Inside Intel Inside:
Our gracious host Jim at Ideum arranged for us to visit the Intel factory just outside Corrales on our first day, and we were treated to a presentation describing the fab as well as a tour of the facility. During the presentation we learned that Intel products account for over 50% of all exports from New Mexico. The factory floor itself is an impeccably clean and unbelievably precise environment with monorail-mounted robots about the size of a canister vacuum cleaner whizzing around, picking up and dropping off payloads of work-in-progress materials exactly where they need to be at exactly the right times. Very WALL-E. I expected to see automation, but the sparse presence of humans was surprising. They have a big cube-farm where most of the engineers sit and run multiple machines all at once. They said that people who are good at video games tend to be good at those roles. Another surprise was how proud our tour guides were of the fab – I expected a giant corporation like Intel to have folks who were very smart and very capable, but the degree of personal commitment to the goals of the fab was really cool. I left Intel with much more appreciation for the level of engineering and careful thought that goes into their products.

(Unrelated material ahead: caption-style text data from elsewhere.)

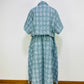 【ネット限定品】富士吉田ジャガード織　セットアップ　ボレロ風ジャケット　フレアースカート　ライトブルー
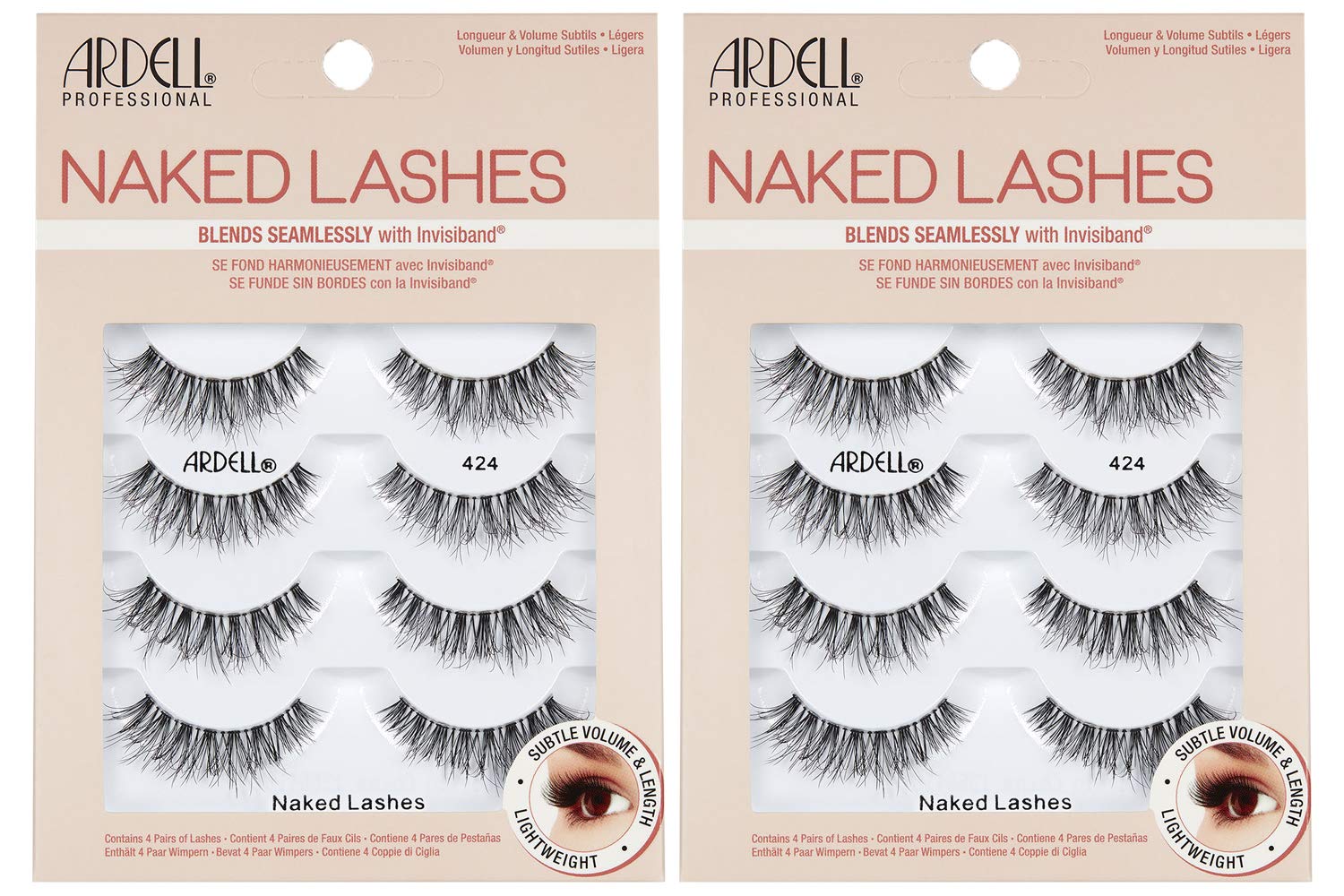 Ardell Naked 424 invisiband lashes offering natural look and comfort.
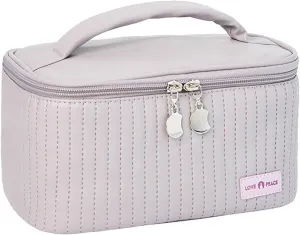 Makeup Bags for Women 2025 New Upgrade Portable Waterproof PU Leather Large Capacity Pink Makeup Bag,Travel Toiletry Bag,Cosmetic Bag,Small Makeup Pouch for Daughter Girls Gifts Women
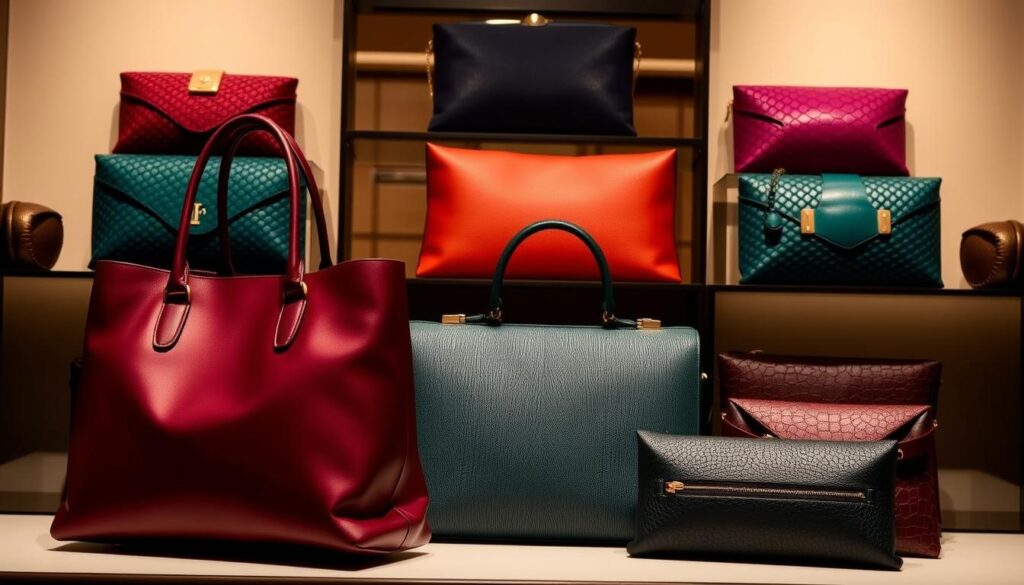 A luxurious display of statement pieces from the Luxe Vault collection. In the foreground, a stunning satin-finish leather tote in a rich burgundy hue, its sleek lines and bold hardware commanding attention. In the middle ground, a structured saffiano leather briefcase in a deep forest green, its sharp silhouette and gold-toned accents exuding sophistication. The background features a series of meticulously crafted clutches in various jewel-toned shades, their textured surfaces and sculptural shapes creating a visually compelling display. The lighting is soft and warm, casting a subtle glow that enhances the luxurious materials and craftsmanship. The overall scene evokes a sense of timeless elegance and modern opulence.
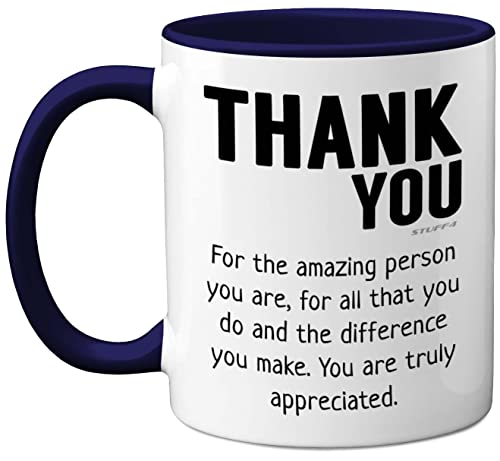 Stuff4 Thank You Mug - Gift for Best Friend, Leaving Gifts for Colleagues Boss Friends Men Women, Thank You Teacher Mug, 11oz Navy Blue Handle Ceramic Premium Leaving Men Women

This made me star-struck in a nerdy kind of way.
MBAs Killed the Radio Star
We’ve been in touch with Curt Nickish at WBUR in Boston for months, and he arranged to have a reporter from KUNM in Albuquerque come to meet us one morning to interview us about MBAs Across America. We all sat in Amaris’ dad’s garage and one by one spoke with Erika, another WBUR employee in Boston, on a cell phone while Andy the sound guy recorded us. Having been a big fan of NPR and WBUR, it was really fun to see and participate in a “real” interview. It was also a little tough to sound natural when I knew what I said was being recorded. We are excited to hear how the piece comes out. It should go live on Tuesday.
Andy records audio while Casey talks to WBUR in Boston.
Andy ended up pitching our story to KUNM and they decided to interview Amaris specifically about the New Mexico angle of the trip. We got to visit the KUNM station offices and studios on the UNM campus, and Hicham and I poked around and learned about the technology DJs use behind the scenes to cut between local and national shows, insert ads (or “carts”) etc. Having just worked with Ideum, a human computer interaction company that builds massive multi-touch displays, I was curious to hear from these folks how soon they thought virtual controls via a touch-screen would replace the large soundboards they were using to mix audio. They felt that it would be a long time before studios like theirs switched over because DJs are so used to the old technology. Hicham and I were surprised by how manual it all is, with DJs having to set up the ads, switch between shows, etc. all by hand.
Cookies from Colleen
We’ve been humbled this summer by support in many forms from so many people, but one woman named Colleen from Detroit made our week in Albuquerque by sending us an entire box full of delicious baked goods. Something about it being cookies made it extra special – they are so “unnecessary” – so impractical to send long distances – there are plenty more reasons NOT to send cookies to strangers than to send them. Despite all that, Colleen went ahead and did it, and it made us feel great. Thanks Colleen!
This is getting a little long, so I’ll cut it here, but we also had a chance to visit Santa Fe, go to the opera, hang out with Amaris’ dad (thanks Gary!), eat a lot of green chile and sopapillas, and see some spots where Breaking Bad is filmed. Authentic!